Edgar Rice Burroughs: A Sesquicentennial Tribute--His Life

ERB portrait by Uwe Reber.

Here we are, Labor Day 2025 in the U.S. of A. What better day to celebrate the birth of Edgar Rice Burroughs, the quintessential American ‘author of the working man’? For ERB was—and remains—exactly that. He gave the ‘common folk’ of America what they wanted—and also goals to aspire to. In return, Americans took Burroughs to heart, making him rich and influential beyond his dreams.

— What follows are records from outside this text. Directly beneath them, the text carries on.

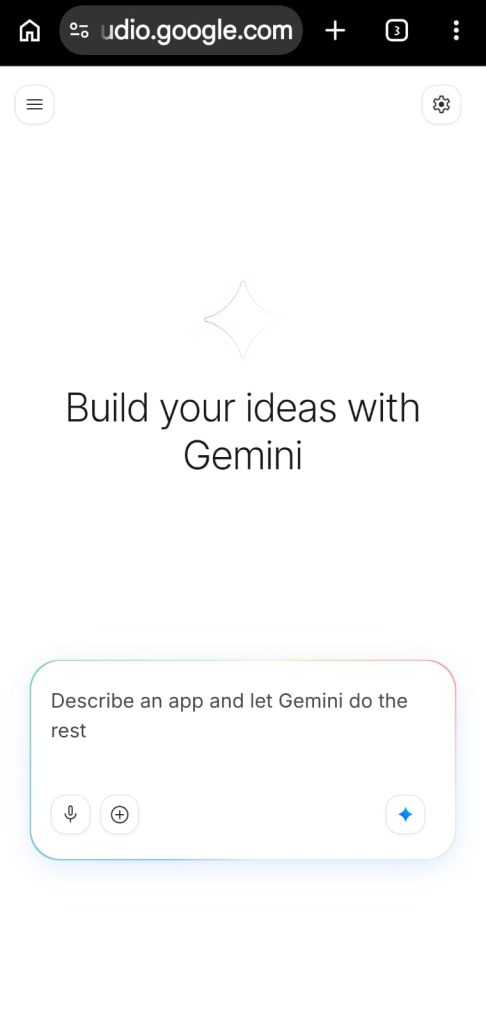 Open Google AI Studio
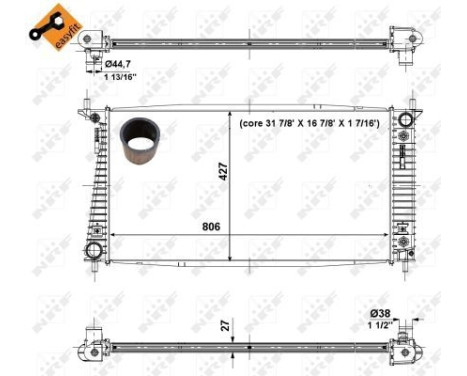 Radiator, engine cooling EASY FIT, Image 3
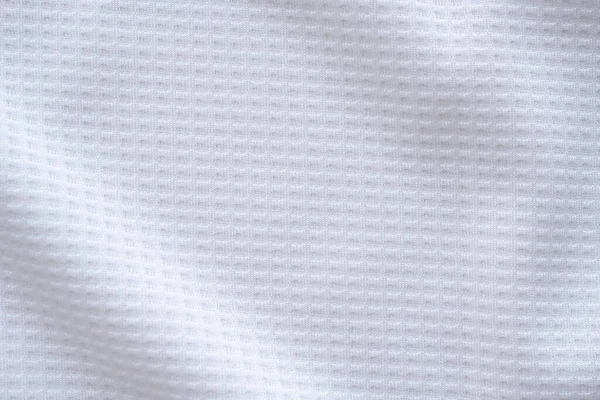 White Sports Clothing Fabric Football Shirt Jersey Texture Abstract Background — Stock Photo, Image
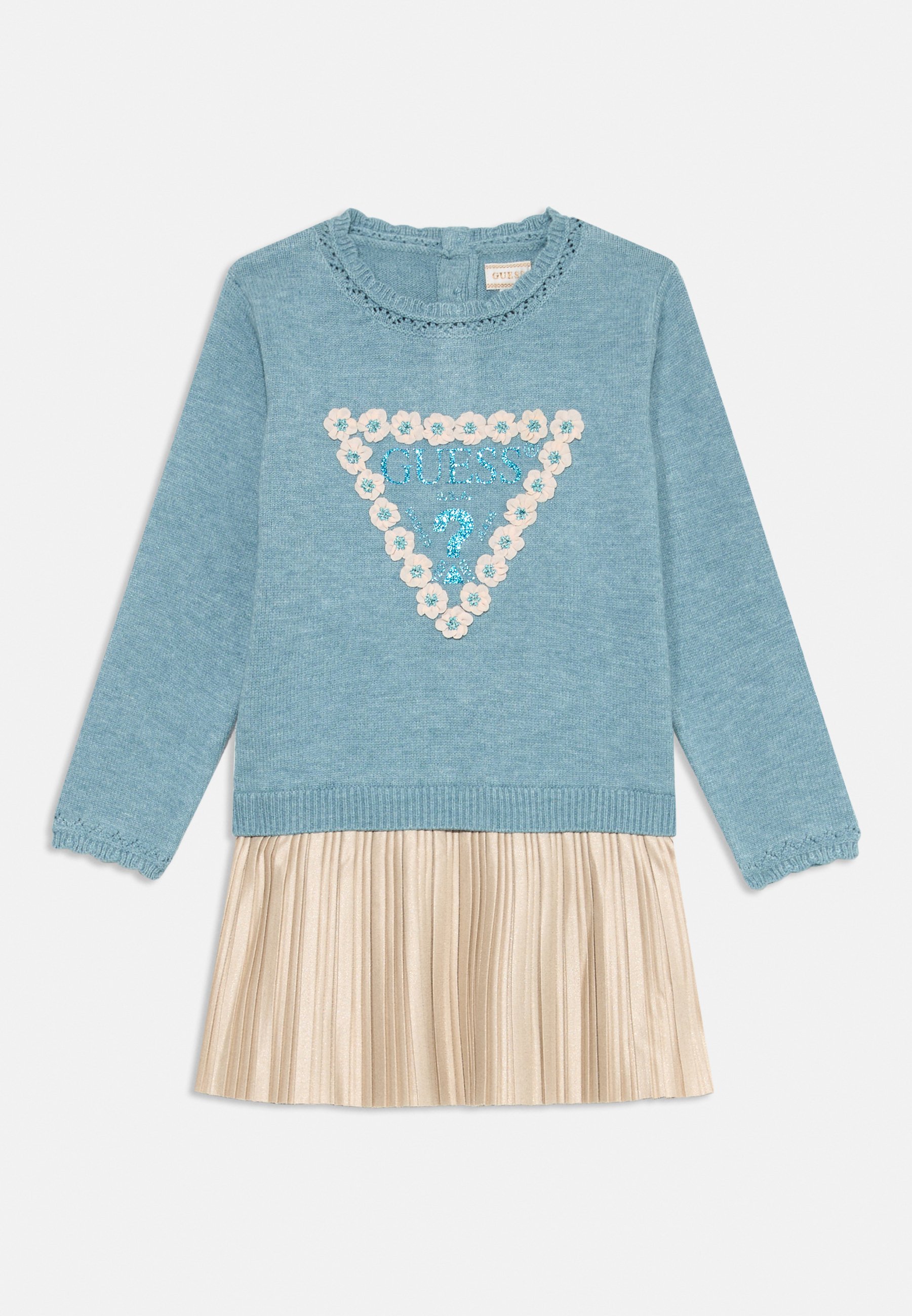 Guess peuterjurk van gemengde stoffen - Truijurk - blauw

Edgar Rice Burroughs was born on this date in 1875. His father was a brigadier general during the Civil War, serving with distinction in the Union Army. Young Edgar was a trial to his strict father, who called any tales from the young storyteller 'lies'. Like many a boy with intelligence--but no real direction--Ed found himself in trouble with his schoolmasters. Eventually, ERB's father sent the boy to the Michigan Military Academy, an institution that Ed himself referred to as a "polite reform school". Burroughs graduated knowing the basics of unarmed combat, fencing and horsemanship--but with his spirit unbroken.

Possessing the training--and with family tradition behind him--Burroughs joined the storied U.S. 7th Cavalry. He served at Fort Grant, Arizona Territory, with his main job being the apprehension of the Apache Kid. Like many a soldier before and since, ERB never fired a shot in anger, but that cavalry stint laid the groundwork for both the 'Barsoom' series and his Shoz-Dijiji/'Apache' novels. He was invalided out of the 7th due to a heart condition in 1897. He would outlive almost every trooper he served with.

Ed drifted a bit after that. He spent half a year working at his older brother's ranch in Idaho--gaining yet more 'IRL' experience, a working man on a working ranch. Growing up on a ranch myself and knowing those details of ERB's life, when things were particularly grueling--or boring--I would console myself, knowing that Ed had gone through similar crap.

The Dark Horse Comics edition of Minidoka. Cover by J. Allen St.John and illustrations by Michael Wm. Kaluta.

ERB returned to Chicago in 1899, working in a battery factory. Having worked in factories myself, I can only imagine what working in such a place was like at the turn of the century. On the plus side, Burroughs married his childhood sweetheart, Emma Hulbert, in January 1900.

In 1903, with no real prospects, Ed returned to Idaho, joining his brothers, Yale graduates George and Harry, who were successful ranchers in southern Idaho, and partners in the Sweetser-Burroughs Mining Company. ERB became manager of their Snake River gold dredge operation. Financially, it all led to nothing, but Burroughs did write his first novelette/short novel, Minidoka, during this period.

Minidoka was set in a hidden 'lost land' in Idaho. While borrowing elements from Frank L. Baum--the preeminent American fantasist at that time--it presaged much of ERB's subsequent work. Breakneck adventure, romance, wildly imaginative settings and political/social satire--all emblematic throughout Burroughs' later literary oeuvre—were present in that seminal work. It would be over a century until it was published.

Burroughs spent about seven years as a pencil-sharpener wholesaler. While certainly not the worst of all occupations, it is hard to see someone of Ed's temperament and obvious intellectual capacity being happy and content in such a position. Apparently, having ample time on his hands, he read a lot of pulps. The pulps were entering their golden age. ERB would gild that age even further.